== Task item ==
If pictures appear in the lines below, skip them and copy exactly the lines from the one containing "[BJ01R0084] Vintage-Inspired Bow" through the one containing "Throw Pillow Cover", and nothing else.

=== Section Start ===

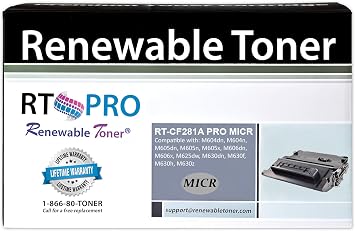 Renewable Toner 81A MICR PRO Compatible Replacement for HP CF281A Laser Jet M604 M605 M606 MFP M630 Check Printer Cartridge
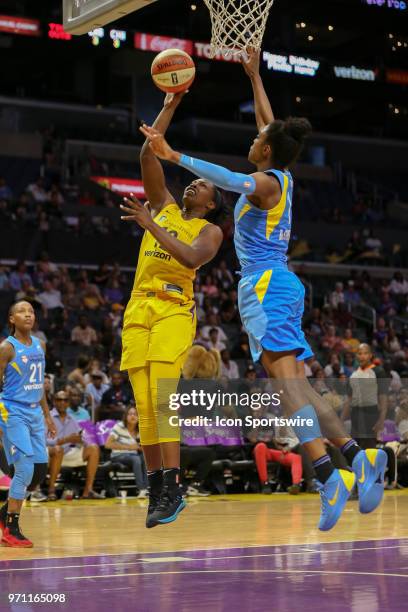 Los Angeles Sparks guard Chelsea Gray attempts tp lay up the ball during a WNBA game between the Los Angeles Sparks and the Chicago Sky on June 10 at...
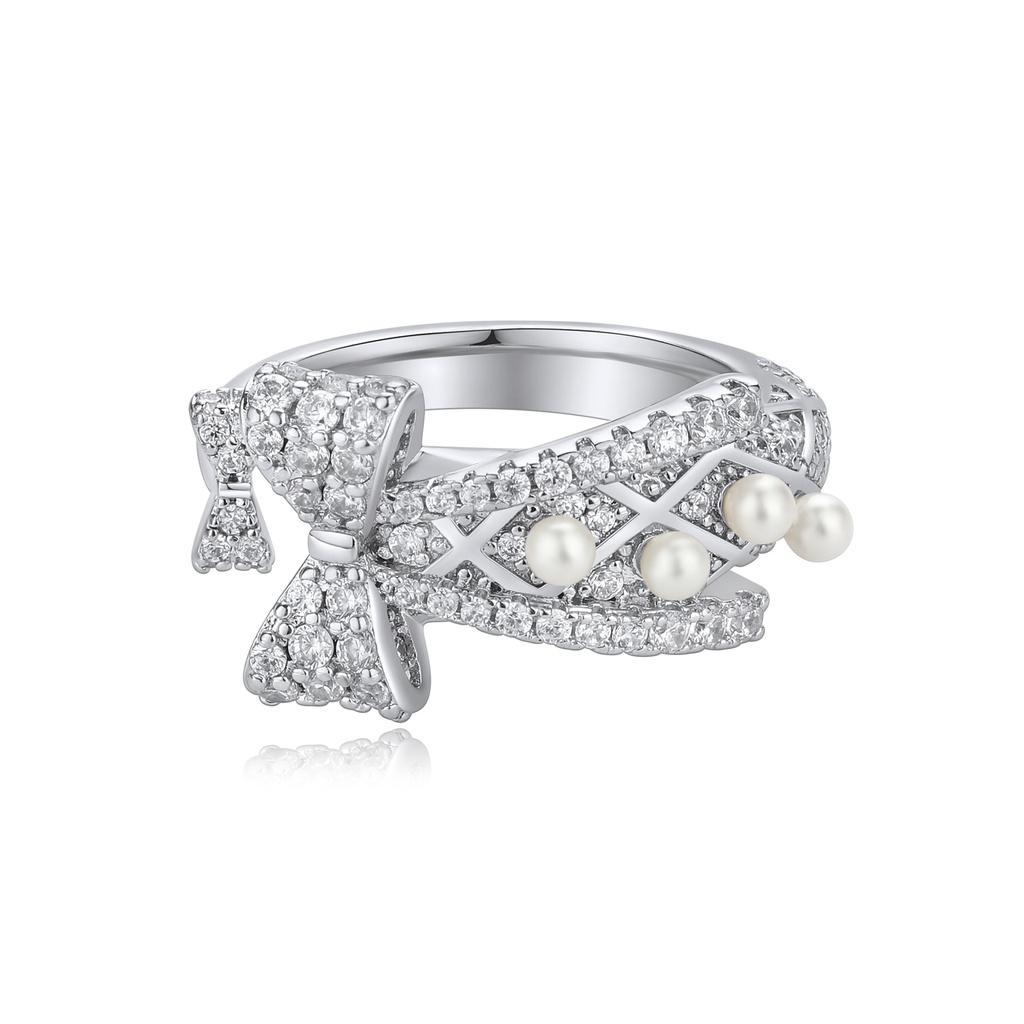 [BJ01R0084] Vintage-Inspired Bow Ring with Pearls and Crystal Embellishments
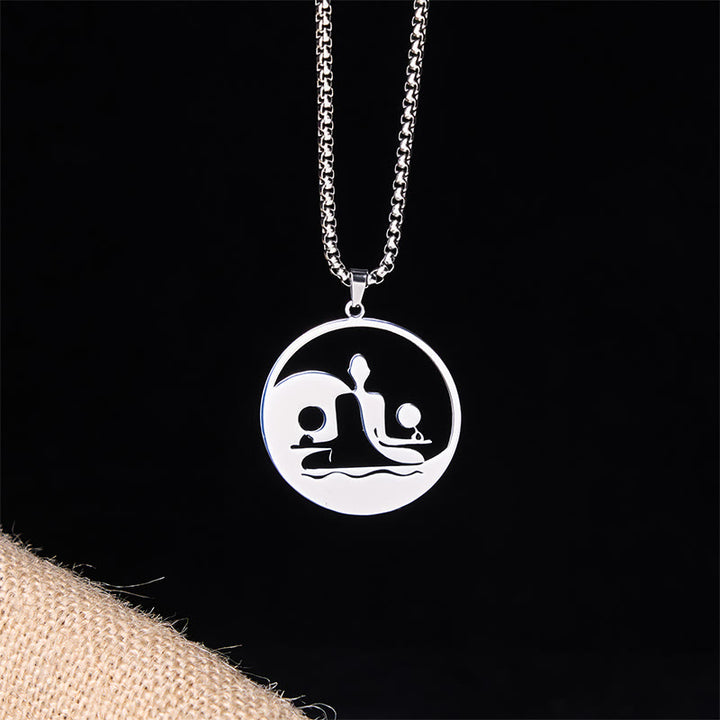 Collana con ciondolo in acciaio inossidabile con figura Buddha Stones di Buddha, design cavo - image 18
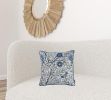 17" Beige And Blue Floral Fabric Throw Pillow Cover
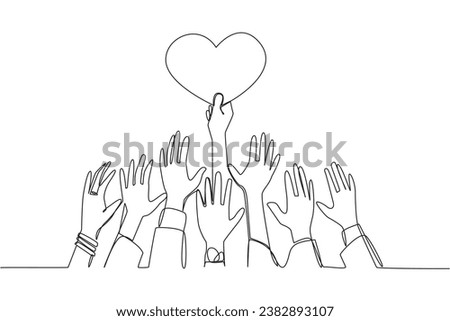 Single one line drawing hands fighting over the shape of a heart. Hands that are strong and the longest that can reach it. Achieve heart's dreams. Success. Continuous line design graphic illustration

=== Section End ===

== Answer to this problem ==
 [BJ01R0084] Vintage-Inspired Bow Ring with Pearls and Crystal Embellishments
 Collana con ciondolo in acciaio inossidabile con figura Buddha Stones di Buddha, design cavo - image 18
 17" Beige And Blue Floral Fabric Throw Pillow Cover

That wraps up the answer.